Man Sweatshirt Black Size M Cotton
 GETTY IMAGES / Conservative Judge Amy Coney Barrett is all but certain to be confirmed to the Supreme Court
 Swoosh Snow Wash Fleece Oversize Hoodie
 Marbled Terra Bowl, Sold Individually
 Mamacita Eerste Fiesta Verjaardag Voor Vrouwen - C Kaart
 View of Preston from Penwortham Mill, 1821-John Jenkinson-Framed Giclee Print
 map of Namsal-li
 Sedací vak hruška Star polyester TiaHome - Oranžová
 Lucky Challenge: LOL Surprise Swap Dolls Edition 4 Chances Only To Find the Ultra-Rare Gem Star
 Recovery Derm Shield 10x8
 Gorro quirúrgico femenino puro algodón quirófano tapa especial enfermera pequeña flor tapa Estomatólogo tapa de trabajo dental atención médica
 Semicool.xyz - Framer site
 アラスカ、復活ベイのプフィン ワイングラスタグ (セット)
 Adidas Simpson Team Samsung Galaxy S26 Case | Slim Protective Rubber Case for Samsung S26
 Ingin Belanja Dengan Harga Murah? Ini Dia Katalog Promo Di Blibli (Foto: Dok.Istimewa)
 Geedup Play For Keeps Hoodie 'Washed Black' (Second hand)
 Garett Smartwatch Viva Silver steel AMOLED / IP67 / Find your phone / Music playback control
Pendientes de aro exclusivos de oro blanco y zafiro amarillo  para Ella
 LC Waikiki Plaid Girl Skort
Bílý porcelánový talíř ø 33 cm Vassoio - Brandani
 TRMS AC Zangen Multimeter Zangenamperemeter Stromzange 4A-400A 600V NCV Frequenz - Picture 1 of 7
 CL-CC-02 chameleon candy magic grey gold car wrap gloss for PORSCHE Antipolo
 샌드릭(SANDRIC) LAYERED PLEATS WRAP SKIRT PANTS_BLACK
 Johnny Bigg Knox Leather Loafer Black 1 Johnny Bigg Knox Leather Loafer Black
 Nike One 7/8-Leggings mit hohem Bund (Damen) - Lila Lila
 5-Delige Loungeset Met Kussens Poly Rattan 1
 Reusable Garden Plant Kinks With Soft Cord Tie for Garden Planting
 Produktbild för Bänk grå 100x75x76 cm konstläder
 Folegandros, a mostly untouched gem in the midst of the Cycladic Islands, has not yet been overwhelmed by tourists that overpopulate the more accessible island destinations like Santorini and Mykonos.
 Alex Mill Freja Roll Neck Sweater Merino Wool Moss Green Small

• • • •

■ REQUIREMENT:
Scan the data above for the word "Mill". Copy every line in which it is found.

■ WRITTEN SOLUTION:
 View of Preston from Penwortham Mill, 1821-John Jenkinson-Framed Giclee Print
 Alex Mill Freja Roll Neck Sweater Merino Wool Moss Green Small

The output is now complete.